In our encoding of dates for the MoEML project, we have two major concerns: that dates be as accurate as possible so that we know when an event occurred (or at least that the source and scope of inaccuracy be clearly expressed), and that they be computable. We are constructing an eventography, and we want to be able to plot event sequences on timelines. We would also like to be able to integrate our data with that of other early modern projects, many of which will have data from countries whose calendar usage varies substantially from English practice. As a result of these concerns, we are early adopters of some recently-added features of TEI that are intended to formalize accurate encoding of dates from differing calendars.

The original P5 attributes for encoding dates included two distinct classes: att.datable.w3c, and att.datable.iso. These two classes allow slightly different forms of date encoding (derived from XML Schema datatypes, and ISO 8601 respectively), but both are explicitly based on the Gregorian calendar. In other words, it is clearly wrong to encode a Julian date using one of these attributes:

*<birth when="1566" calendar="#julianEngland">1566</birth>

The recently-added att.datable.custom class remedies this deficiency by providing a full suite of dating attributes designed for non-Gregorian calendars, along with the @datingMethod attribute through which the calendar used can be specified (@calendar refers to the calendar used in the text content of a dating element, not its attributes). We can now encode a date with these attributes and Julian dates :

<birth when-custom="1566" datingMethod="#julianEngland" calendar="#julianEngland">1566</birth>

These tags show that both the attribute value and the text date use the Julian calendar. Given that our purpose is computability, though, the question arises: why not simply convert all our dates to (proleptic) Gregorian before encoding them? If we take the example above, this conversion would be the result:

<birth notBefore="1566-04-04" notAfter="1567-04-03" calendar="#julianEngland">1566</birth>

The conversion, in accounting for the New Year issue and the leap day discrepancy, becomes a rather unwieldy range. Moreover, this conversion is itself computable, so it is unnecessary to impose this burden on our encoders. Instead, we encode Julian dates using @when-custom. On the website, we generate tooltips for all such dates showing the equivalent date or date-range in Gregorian. For the purposes of interoperability, the same conversion could be used to insert Gregorian dating attributes.

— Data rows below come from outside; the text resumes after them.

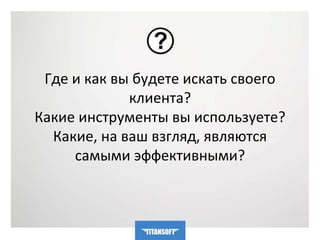 Где и как вы будете искать своего 
клиента? 
Какие инструменты вы используете? 
Какие, на ваш взгляд, являются 
самыми эффективными? 
 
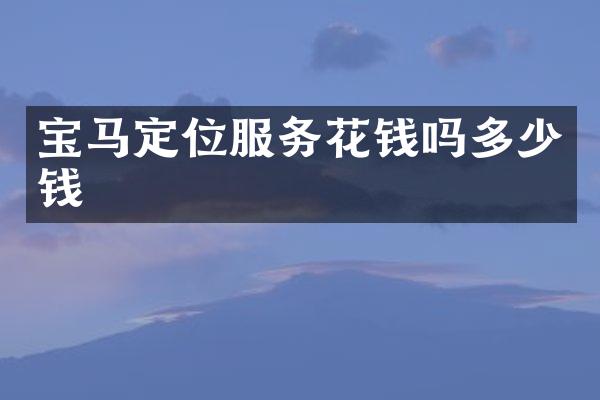宝马定位服务花钱吗多少钱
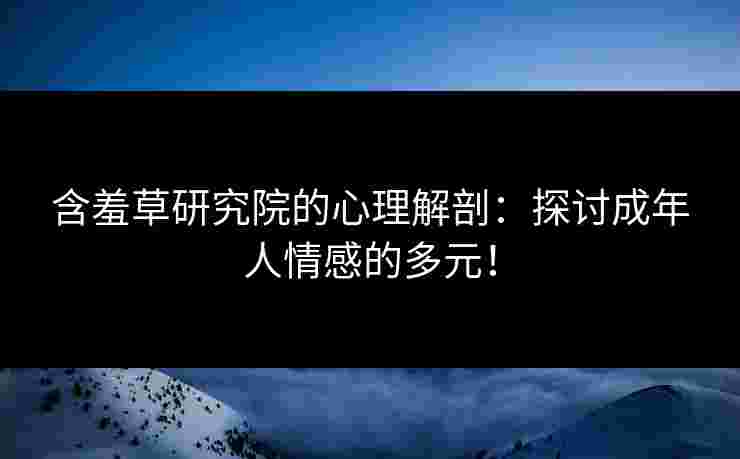 含羞草研究院的心理解剖：探讨成年人情感的多元！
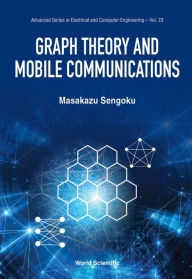 GRAPH THEORY AND MOBILE COMMUNICATIONS Masakazu Sengoku Author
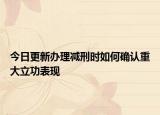 今日更新办理减刑时如何确认重大立功表现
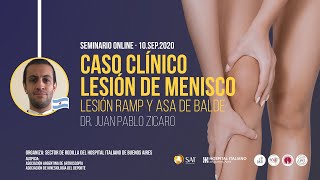 Caso clínico. Lesión RAMP y Asa de balde. Dr. Juan Pablo Zicaro - Webinar Lesión de Menisco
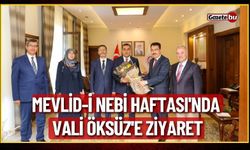 Mevlid-İ Nebi Haftası'nda Vali Öksüz'e Ziyaret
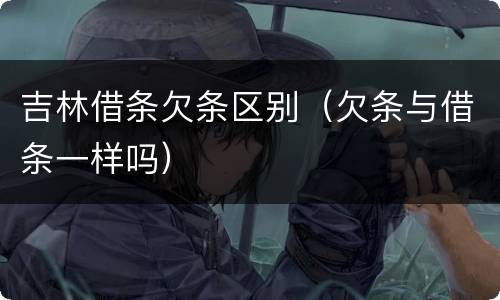 吉林借条欠条区别（欠条与借条一样吗）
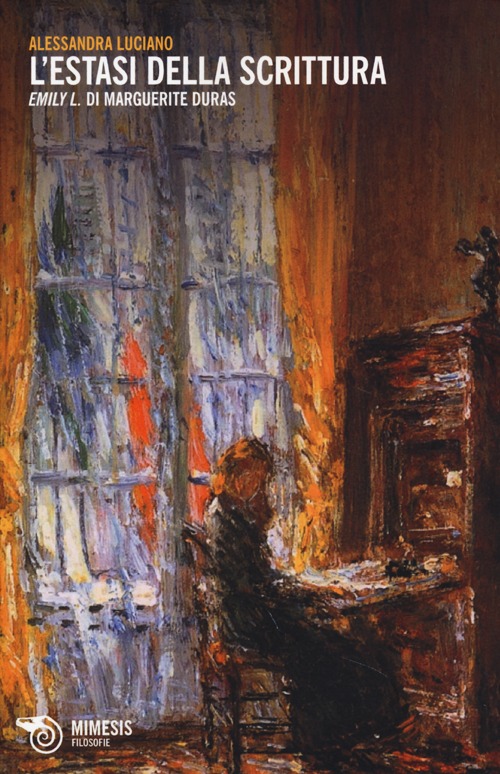 L'estasi della scrittura. «Emily L.» di Margerite Duras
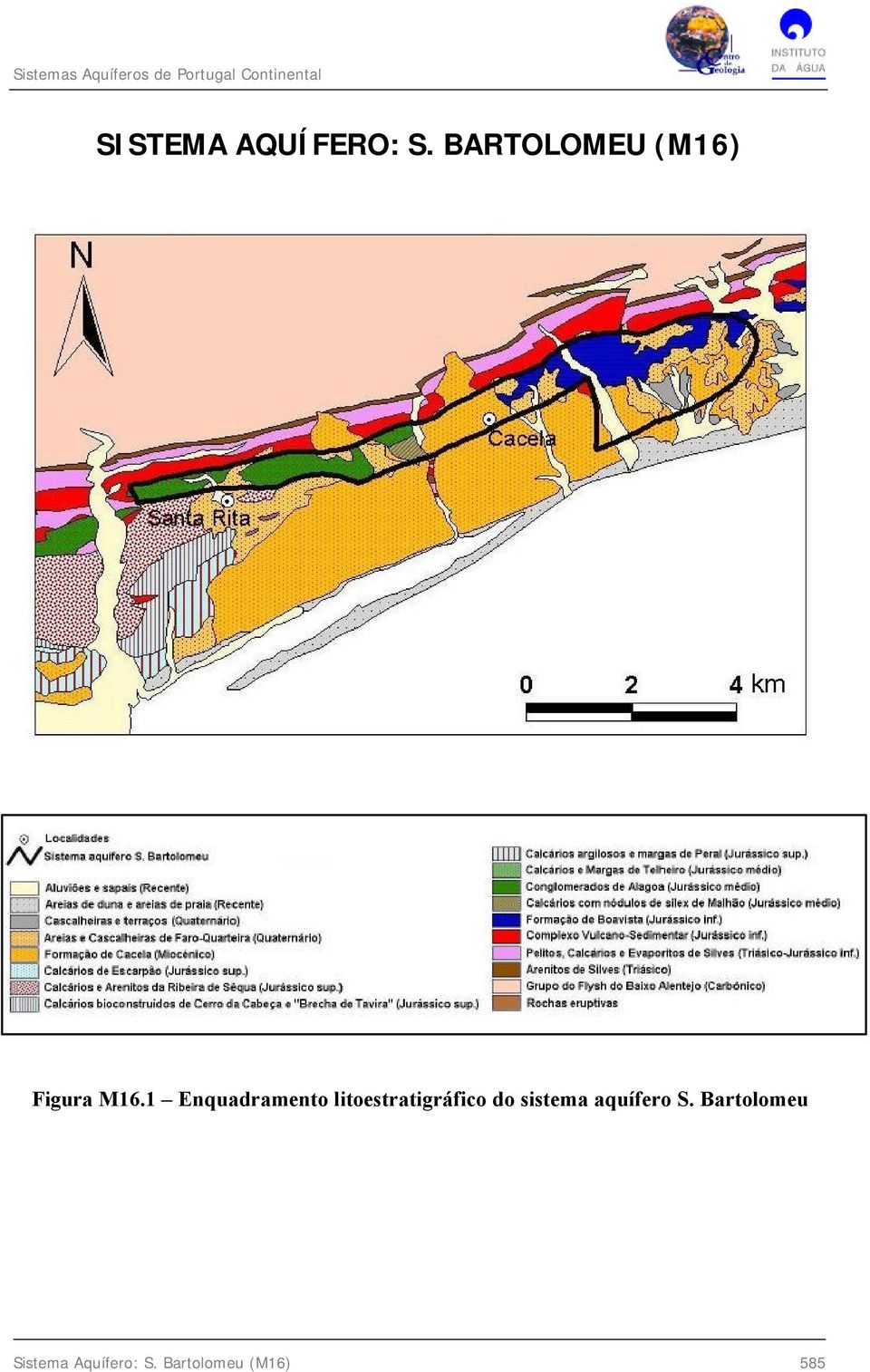 1 Enquadramento litoestratigráfico do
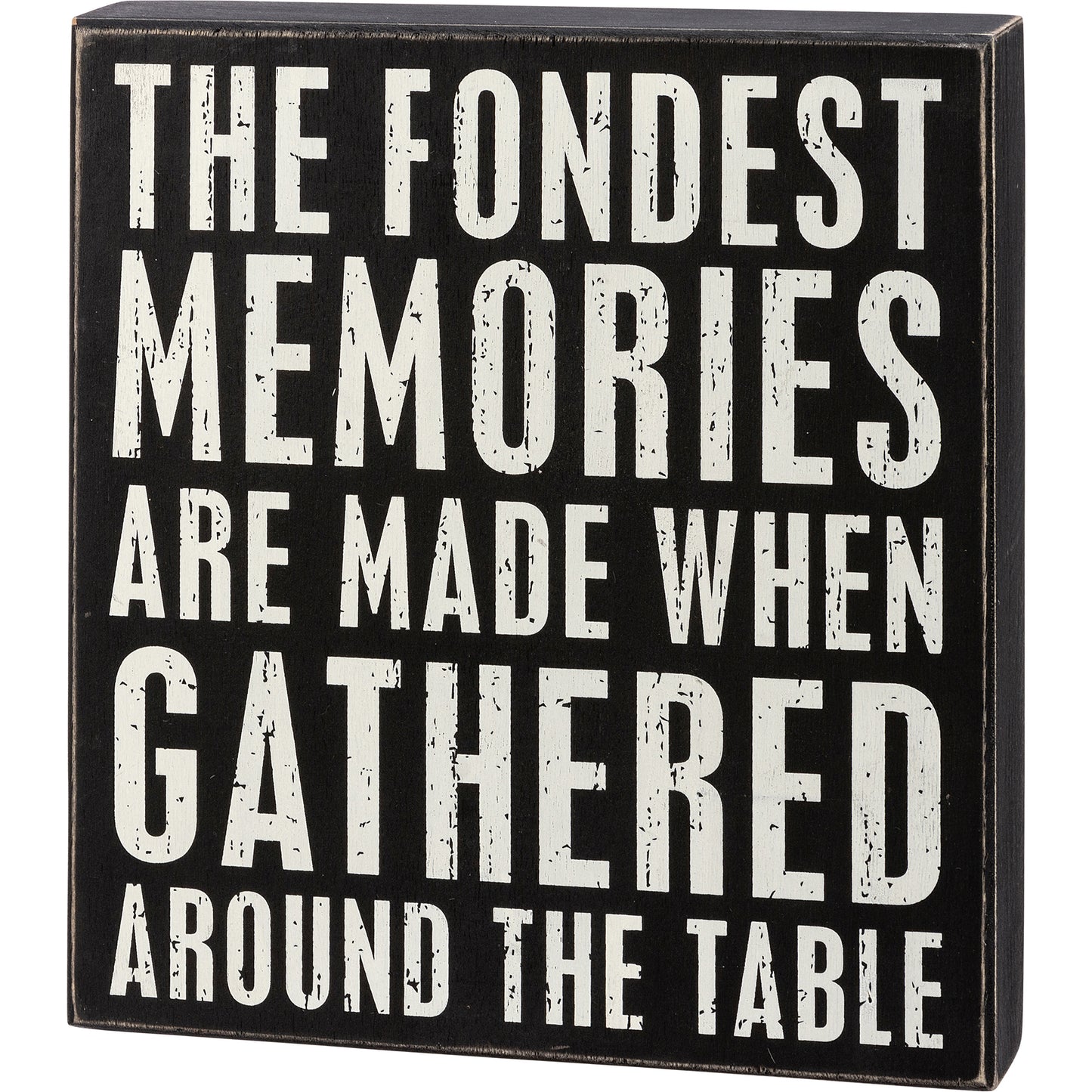 Box Sign - Fondest Memories Made Around The Table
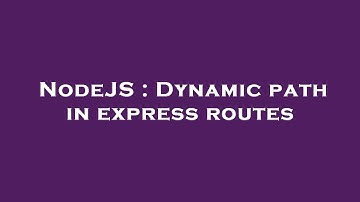 NodeJS : Dynamic path in express routes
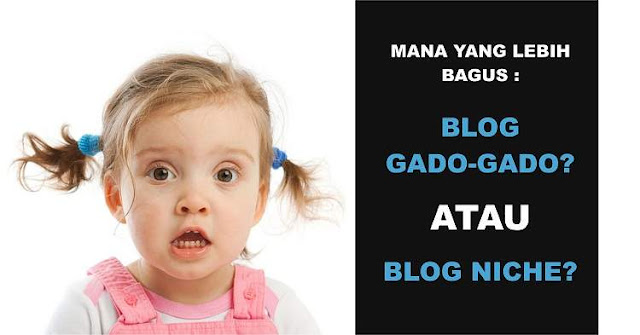 Blog Gado-Gado Vs Blog Niche Galau Antara Blog Gado-Gado VS Blog Niche, Mana Lebih Bagus?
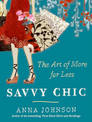 Savvy Chic: The Art of More for Less
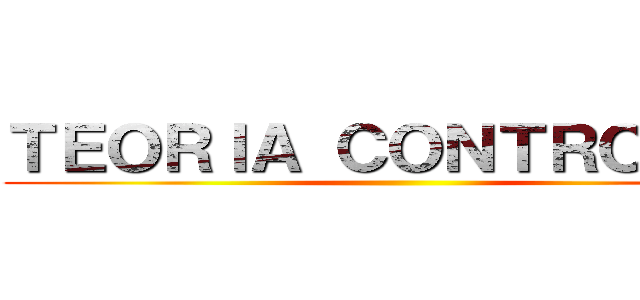 ＴＥＯＲＩＡ ＣＯＮＴＲＯＬＥＳ ()
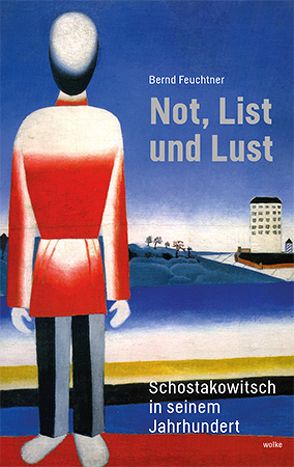 Not, List und Lust von Feuchtner,  Bernd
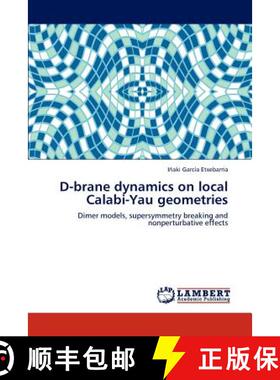 【3-4周达】D-brane dynamics on local Calabi-Yau geometries [9783846596845]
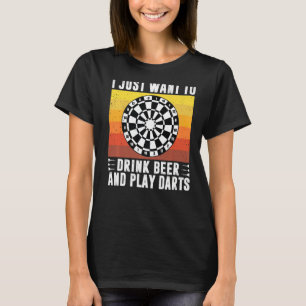 I Just Want To Drink Beer And Play Darts Arrow Dar T-Shirt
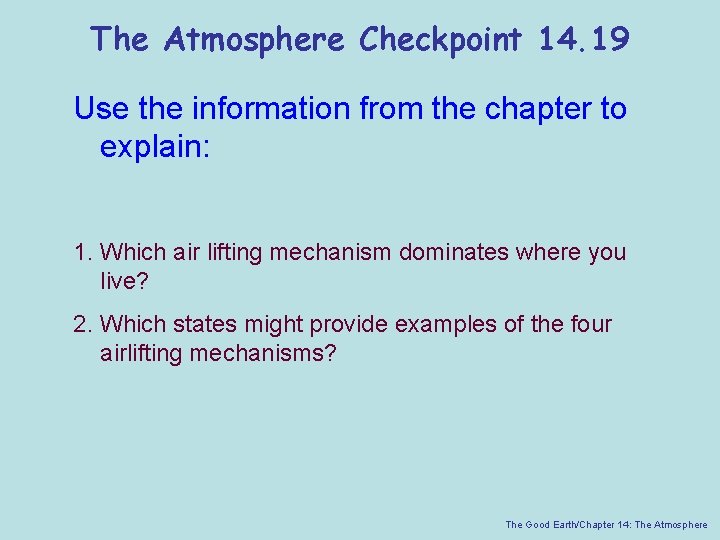 The Atmosphere Checkpoint 14. 19 Use the information from the chapter to explain: 1.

Until now, the encoding of historical dates in TEI projects appears to have been haphazard, for a variety of reasons, including the lack of adequate encoding mechanisms, academic convention, and historical practice. However, we now have a set of attributes that enable us to be more precise, and we can easily create conversion functions between (for instance) Julian and Gregorian dating systems. Moreover, as we begin to integrate data from different projects, and create timelines and event sequences that require accurate dating, there is more reason than ever for developing and propagating good practice in date encoding; we do not want to end up creating inter-project timelines in which (for example) the invasion force of William of Orange arrives in England several days before it sets off from the Netherlands. In presenting our date-encoding practices and the issues we have encountered, we hope to stimulate a discussion on accurate date encoding that will encourage those working on projects involving non-Gregorian calendars to be aware of the issues, and to collaborate in creating methods for encoding and interchange that will obviate these problems.


Cheney, C. R. (2000). A Handbook of Dates for Students of British history. Revised by Michael Jones. Cambridge: Cambridge University Press.
Duncan, D. E. (1998). Calendar: Humanity’s Epic Struggle to Determine a True and Accurate Year. New York: Avon Books.
Duncan, D. E. (1999). Calendar. Smithsonian 29 (11). 48-58.
Fryde, E. B., D. E. Greenway, S. Porter, and I. Roy (1986). Handbook of British Chronology. 3rd edn. London: Offices of the Royal Historical Society.
Jardine, L. (2009). Another point of view. London: Preface.
Stow, J. (1598). A SVRVAY OF LONDON. London: John Windet for John Wolfe.